Watermelons

A few of the people who worked with me in District 9 in the southwest corner of Arkansas were watermelon farmers. One of them was best friends with the local game warden and they had a friendly competition with their watermelons. Each one would select his best melon to enter it into the county fair in hopes of it being crowned grand champion. This was more important than just a local fair championship because the melons were grown near the town of Hope, Arkansas, and they had a reputation for being the sweetest melons available. This reputation was also valuable, a melon grown around Hope sold for up to $1.00 per melon over their rivals. In fact, there was a report that a Texas grower would bring a trailer full of melons from Texas, park it in Hope overnight then advertise them as Hope melons. This prompted an investigation and started research into a certification program. I moved to Alaska before I ever found out how that turned out.
This friendly competition continued for a few years as each tried to outdo the other.
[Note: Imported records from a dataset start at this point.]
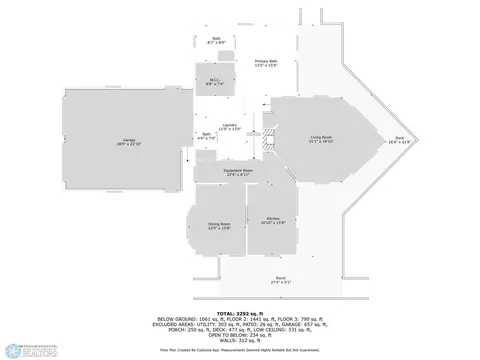 Floorplan - 46130 E Nest Rd, Deer River, MN 56636 photo 2 of 4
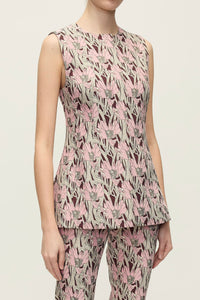 JESSUP Vest (Raisin)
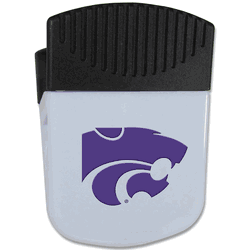 Kansas St. Wildcats Chip Clip Magnet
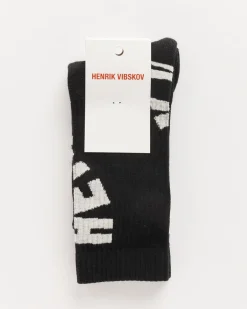HV Sport Socks in Black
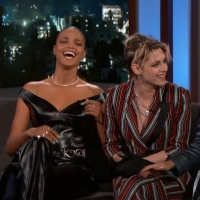 VIDEO: Watch the CHARLIE'S ANGELS Cast on JIMMY KIMMEL LIVE! Video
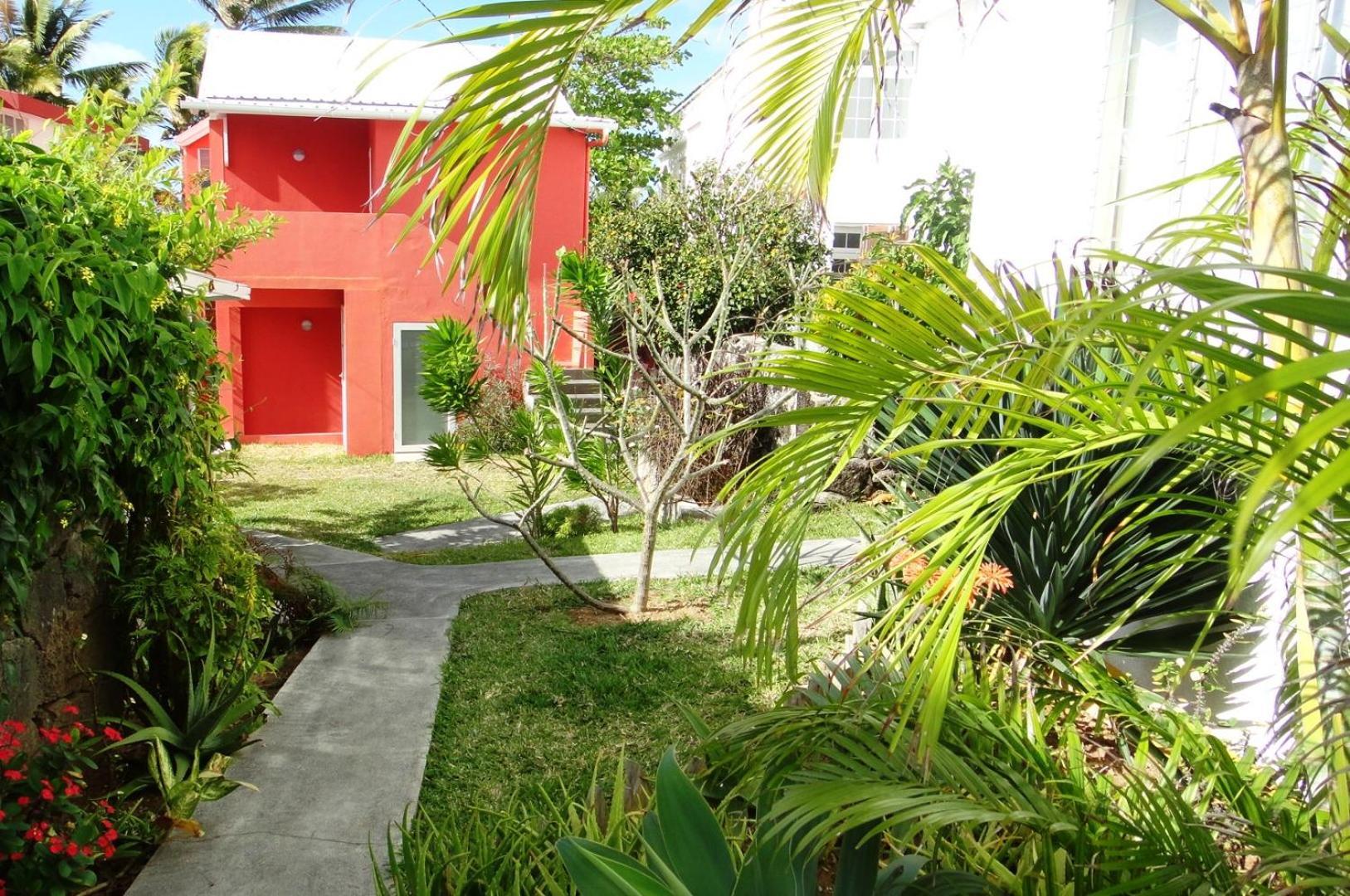 Colibri Beach Villas Trou d'Eau Douce Habitación foto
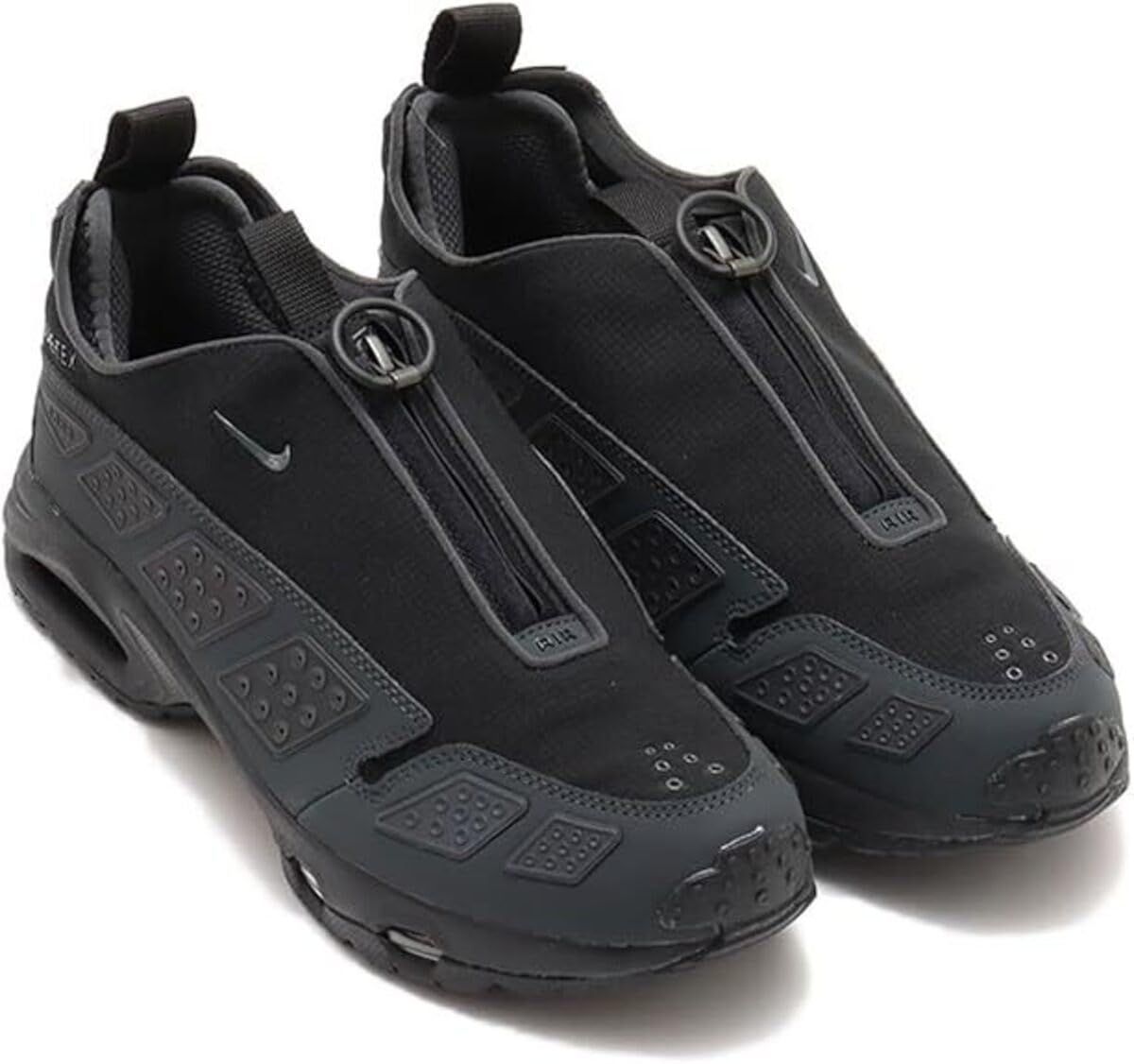 [ナイキ] エア マックス SNDR GTX W AIR MAX SNDR GTX ブラック/ダークスモークグレー FZ4238-001 22.0cm [22.0 cm]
Well, one year my firefighter, one of the tractor plow operators in District 9 whose name I can’t remember now but I will call Joe, was out of the county when the entries were due to the fair. His friend, the game warden, saw that Joe had not submitted an entry that year and out of courtesy, and concern for his friend he submitted one on Joe’s behalf. Joe returned after all the judges had reviewed all the melons and awarded the ribbons.
Knowing that he had not submitted an entry, Joe didn’t go to the fair until the last day and then just to see how the melons were graded that year. His friend won a ribbon, can’t remember which now, but along with the beautiful watermelons was one that looked like a gourd. It had a long neck like a yellow squash, and a deformed mid-section followed by a protruding rear. It was the ugliest melon Joe had ever remembered seeing. He decided that he would not check the name of that poor farmer, now wanting to know who was so desperate to get recognized as a “Hope Melon” producer that they would enter that disfigured thing into a competition containing the best watermelons on the market. But curiosity got the best of him. So, he walked down to the ugly melon to see who could have thought that that melon could compete with the others at the fair. Getting close enough to read the name of the person who grew this melon he saw his own name! He was appalled, but there was nothing he could do. It was the last day of the fair and almost closing time at that. The damage had been done. He should have come to the fair and checked the melons as soon as he got back to the county. That way maybe only a few hundred or so people might have seen “his” melon. As it was, several thousand had seen it! The following weeks he was subjected to increasingly vocal comments, all in good cheer of course, over his “gourdmelon”.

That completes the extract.